Jeudi 28 août 4 28 /08 /Août 00:58
J'ai déjà parlé, très incidemment, d'Emmanuel.
Depuis que je le connais, j'ai envie d'écrire sur lui. Cet article fut cent fois repoussé faute de temps, de disponibilité et même d'inspiration. Car Emmanuel est si complexe qu'il n'y a probablement aucune bonne façon de "l'aborder".
Ce sera donc la mienne, imparfaite, avec les mots tels qu'ils me viennent et les images telles qu'elles se bousculent.

Quand je pense à Emmanuel, je vois son visage au nez aigu et la chemise blanche, légèrement déboutonnée, qu'il portait lors de notre premier rendez-vous.
Je vois
sa peau blanche parsemée de discrètes rousseurs et son sexe dressé entre ses cuisses.
Je vois sa main branler son sexe et le plaisir dans ses yeux.
Je vois son salon, le canapé gris sur lequel nous devisons, les guitares posées sur leur socle, le masque d'inspiration africaine accroché au mur.
Je vois l'horloge pétrifiée à la même heure, les persiennes qu'il ferme alors que nous sommes tous les deux.
Je vois le long couloir qui mène à sa chambre, le bureau où nous ne faisons que passer, nus l'un derrière l'autre, pour rejoindre
son lit.
Je vois sa chambre spartiate, son immense salle de bain, spartiate elle aussi, et le miroir dans lequel nous nous voyons.
Quand je pense à Emmanuel, ma mémoire est en partie réflexive.
Et quand je pense à Emmanuel, je pense à son appartement.

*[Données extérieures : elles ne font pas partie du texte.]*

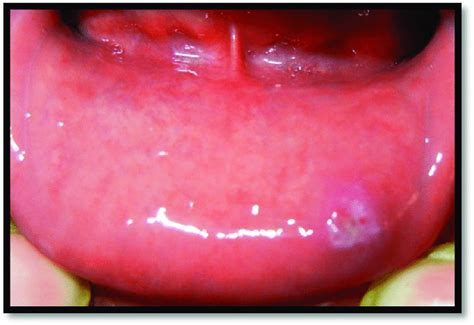 Mucosal irritation and ulceration due to movement of jig. | Download Scientific Diagram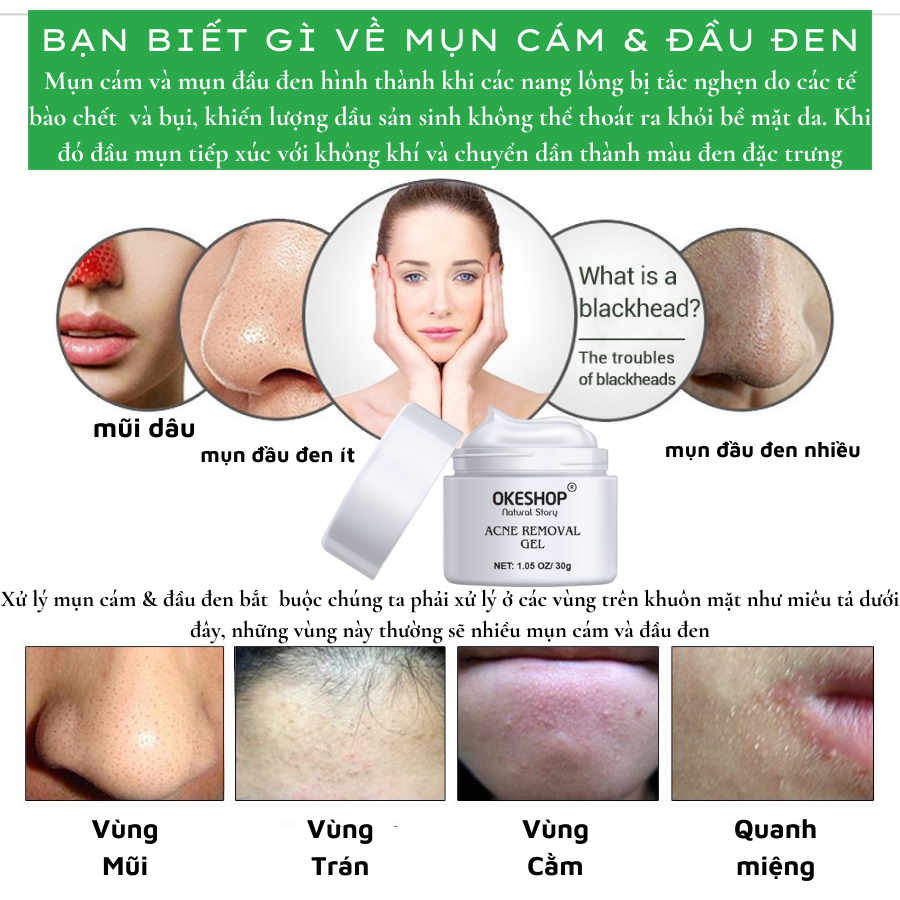 Gel Lột Mụn Nha Đam OKESHOP 30ml - Giải Pháp Loại Bỏ Mụn Đầu Đen - Mụn Cám - Bạ Nhờn - Làm Sạch Sâu Và Thu Nhỏ Lỗ Chân Lông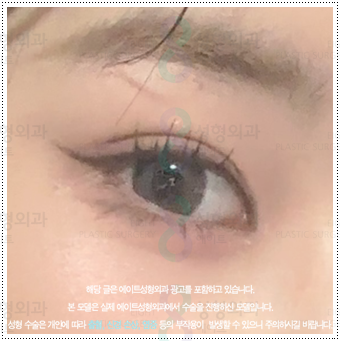 What Are the Prices and Combined Effects of Epicanthoplasty and Upper Epicanthoplasty with Double Eyelid Surgery? From Eye Shape Changes in Reviews of Front-and-Upper Epicanthoplasty to the Differences image 5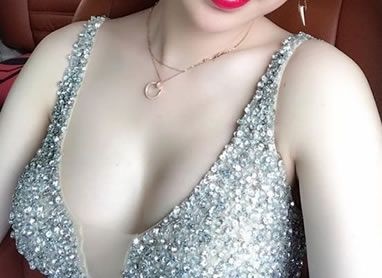 说做就做,到绍兴金柯桥整形医院花费近3万找冯利光做了曼托假体隆胸,过年可以美美哒 图2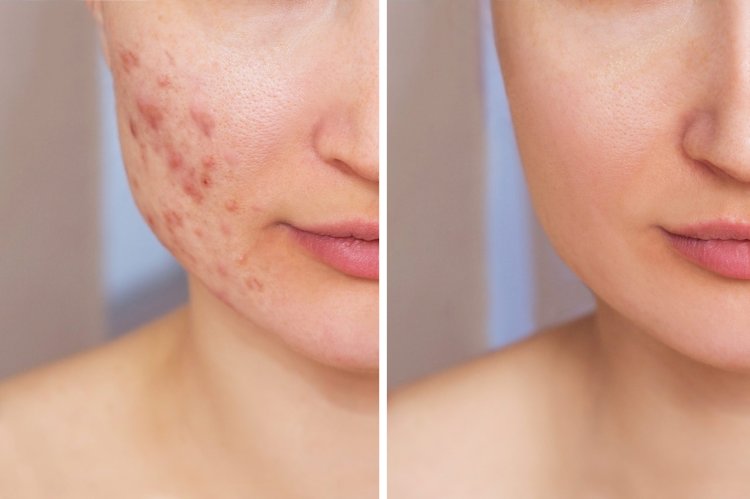 Clear Skin Journey: A Natural Approach to Managing Acne
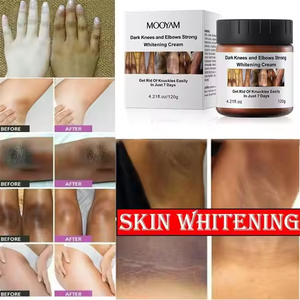 Private Label per la cura del viso intenso sbiancamento <span class=keywords><strong>Crema</strong></span> Blanqueadora rimozione rapida Acne <span class=keywords><strong>Crema</strong></span> idratante sbiancante per il corpo - Product Image 4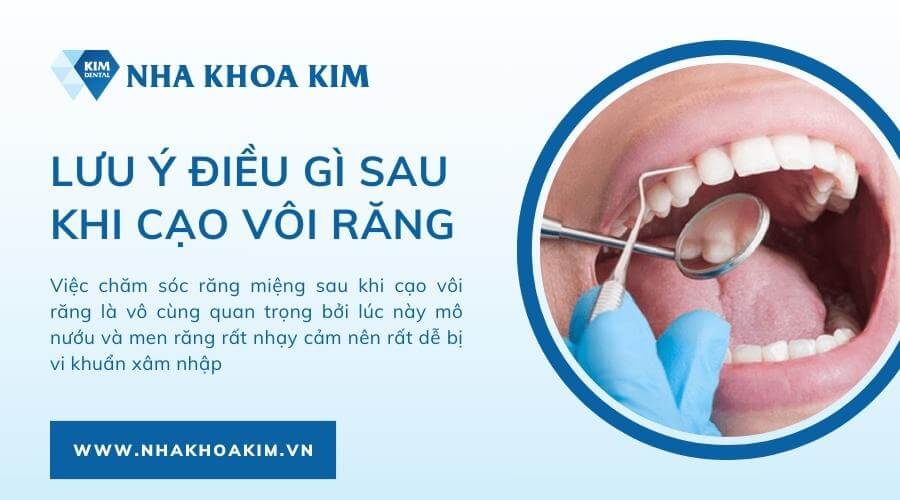 Những lưu ý cần biết sau khi cạo vôi răng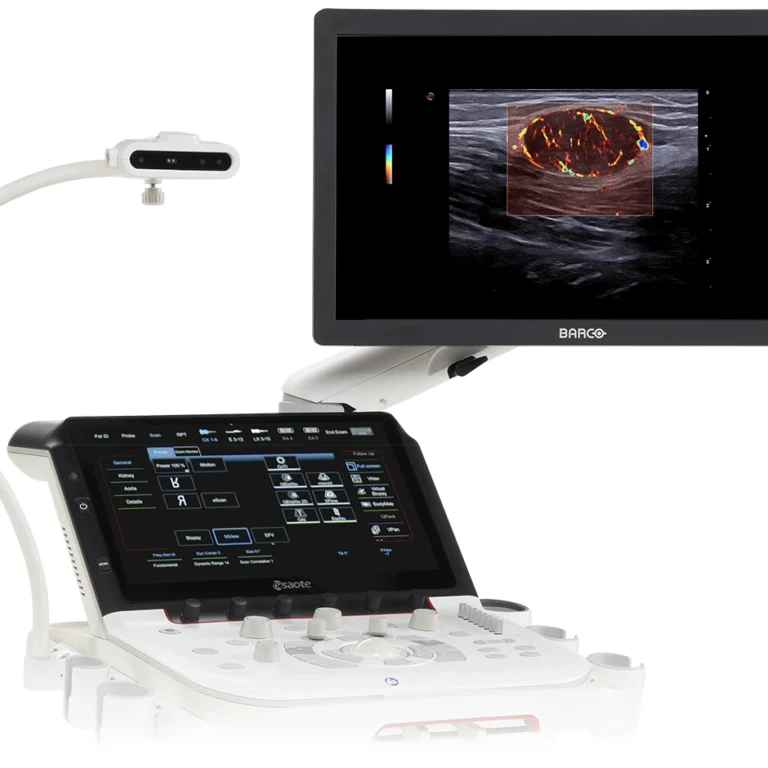 ultrasonograf (usg) esatore mylab x90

L'appartement d'Emmanuel est comme le prolongement de son propre corps. Un espace débarrassé du superflu, une coquille qui le protège et dans lequel je me sens libre d'être moi.
Libre de parler de sujets jugés ça et là inconvenants, libre de boire jusqu'à l'ivresse si je désire m'enivrer, de ramper sur son plancher, la jupe remontée sur les cuisses, si l'envie me prend d'être honorée à genoux.
Libre en paroles comme en actes, sachant que rien ne le choquera.
Cette certitude est en elle-même une libération.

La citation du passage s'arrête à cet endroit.